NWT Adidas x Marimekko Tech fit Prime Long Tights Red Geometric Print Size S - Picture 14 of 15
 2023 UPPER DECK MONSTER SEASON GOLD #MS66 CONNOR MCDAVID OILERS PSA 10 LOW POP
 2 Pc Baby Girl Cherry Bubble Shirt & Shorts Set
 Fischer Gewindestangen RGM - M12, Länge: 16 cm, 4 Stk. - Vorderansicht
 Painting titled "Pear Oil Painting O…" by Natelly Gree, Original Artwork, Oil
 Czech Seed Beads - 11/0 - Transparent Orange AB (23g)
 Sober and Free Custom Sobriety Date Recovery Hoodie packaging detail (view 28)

...

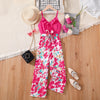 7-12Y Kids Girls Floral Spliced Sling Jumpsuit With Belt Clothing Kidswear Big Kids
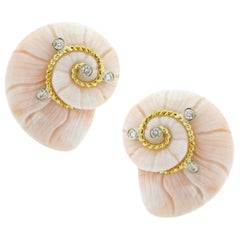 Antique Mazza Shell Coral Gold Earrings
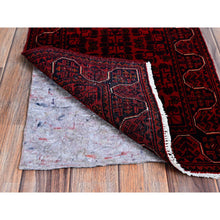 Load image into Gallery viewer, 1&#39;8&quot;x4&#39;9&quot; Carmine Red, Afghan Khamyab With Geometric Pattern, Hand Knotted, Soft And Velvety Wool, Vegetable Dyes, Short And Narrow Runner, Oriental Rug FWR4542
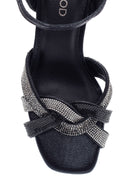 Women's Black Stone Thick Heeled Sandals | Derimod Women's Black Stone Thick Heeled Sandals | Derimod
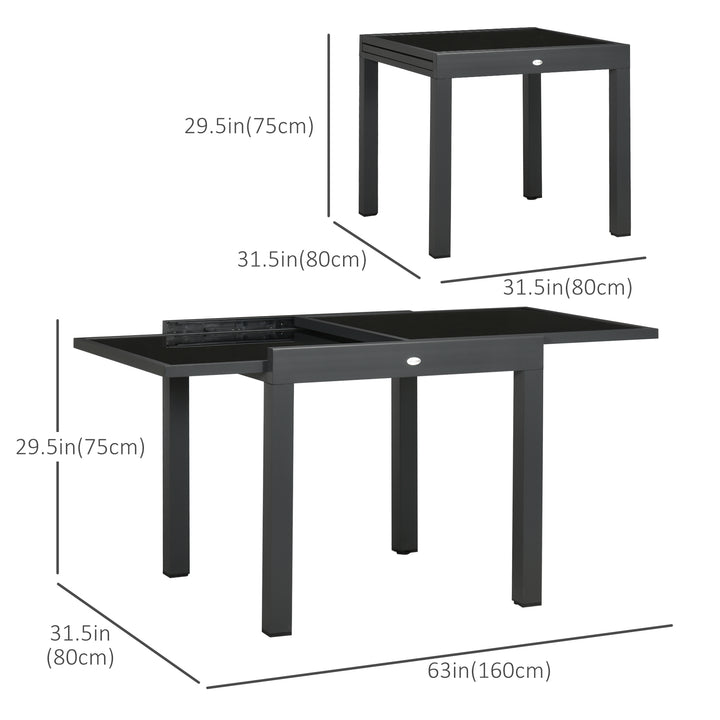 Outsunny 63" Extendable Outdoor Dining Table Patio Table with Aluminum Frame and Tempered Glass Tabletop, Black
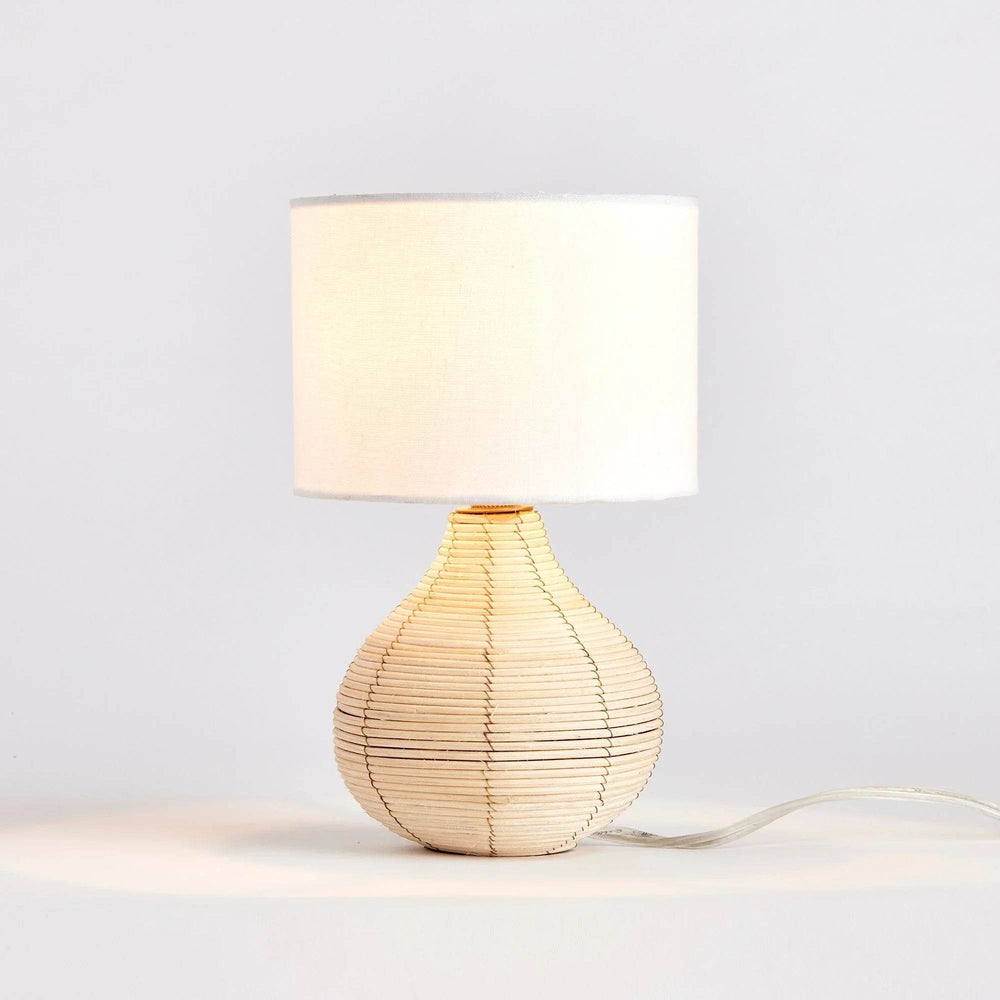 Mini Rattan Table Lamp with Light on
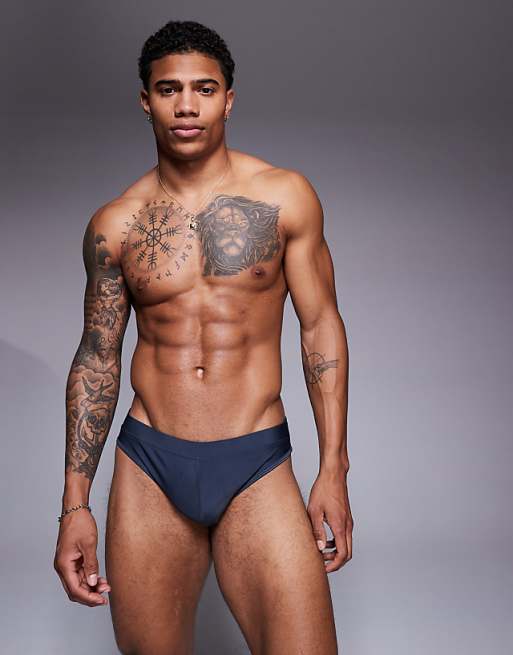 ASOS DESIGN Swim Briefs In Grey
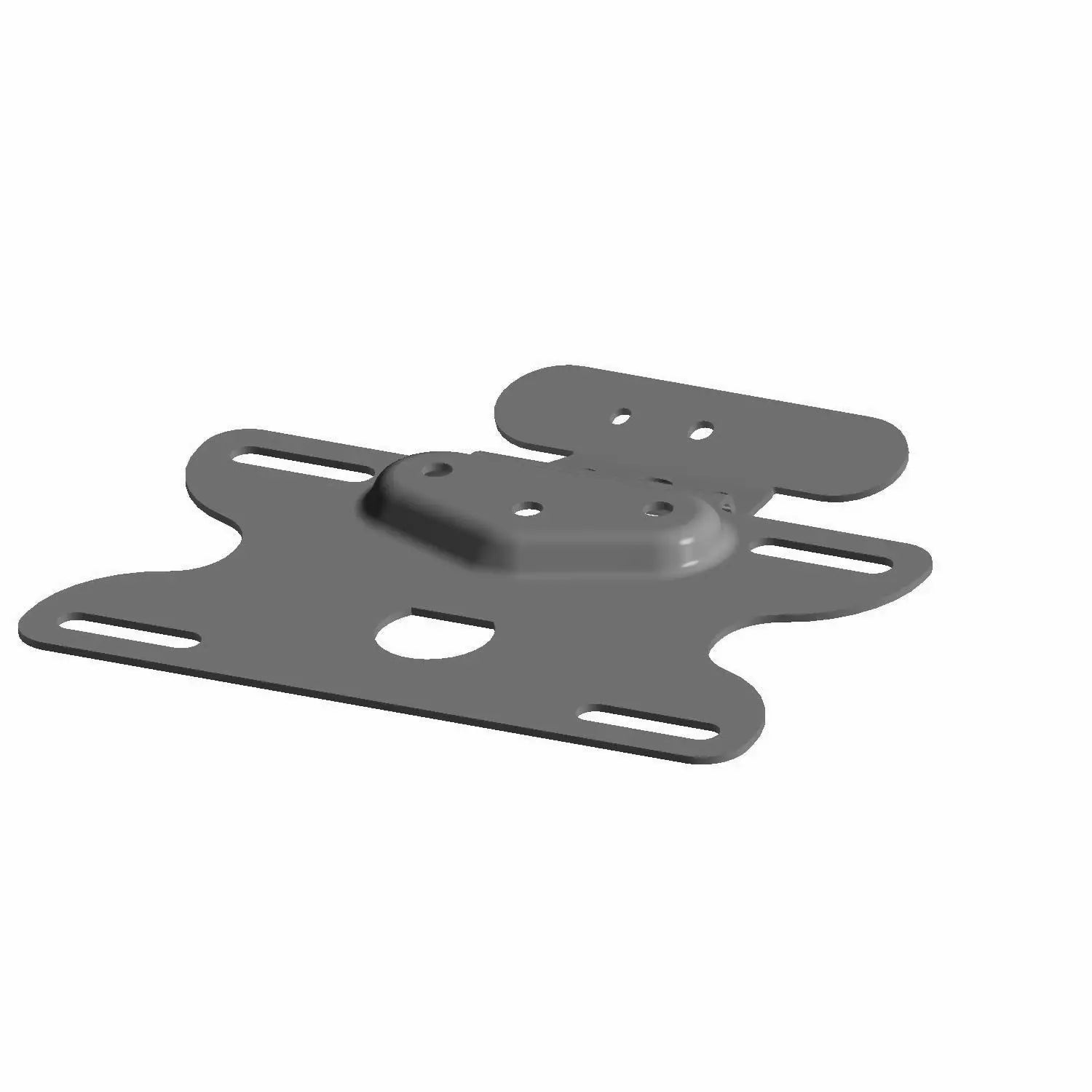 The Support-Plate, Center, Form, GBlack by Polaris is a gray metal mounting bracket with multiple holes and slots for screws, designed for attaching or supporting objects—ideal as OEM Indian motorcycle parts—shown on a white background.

#### WHAT YOU WILL DO
From the records above, quote only the lines running from the line with "NWT Adidas x" to the line with "Sober and Free", both lines included.

#### ANSWER AREA
NWT Adidas x Marimekko Tech fit Prime Long Tights Red Geometric Print Size S - Picture 14 of 15
 2023 UPPER DECK MONSTER SEASON GOLD #MS66 CONNOR MCDAVID OILERS PSA 10 LOW POP
 2 Pc Baby Girl Cherry Bubble Shirt & Shorts Set
 Fischer Gewindestangen RGM - M12, Länge: 16 cm, 4 Stk. - Vorderansicht
 Painting titled "Pear Oil Painting O…" by Natelly Gree, Original Artwork, Oil
 Czech Seed Beads - 11/0 - Transparent Orange AB (23g)
 Sober and Free Custom Sobriety Date Recovery Hoodie packaging detail (view 28)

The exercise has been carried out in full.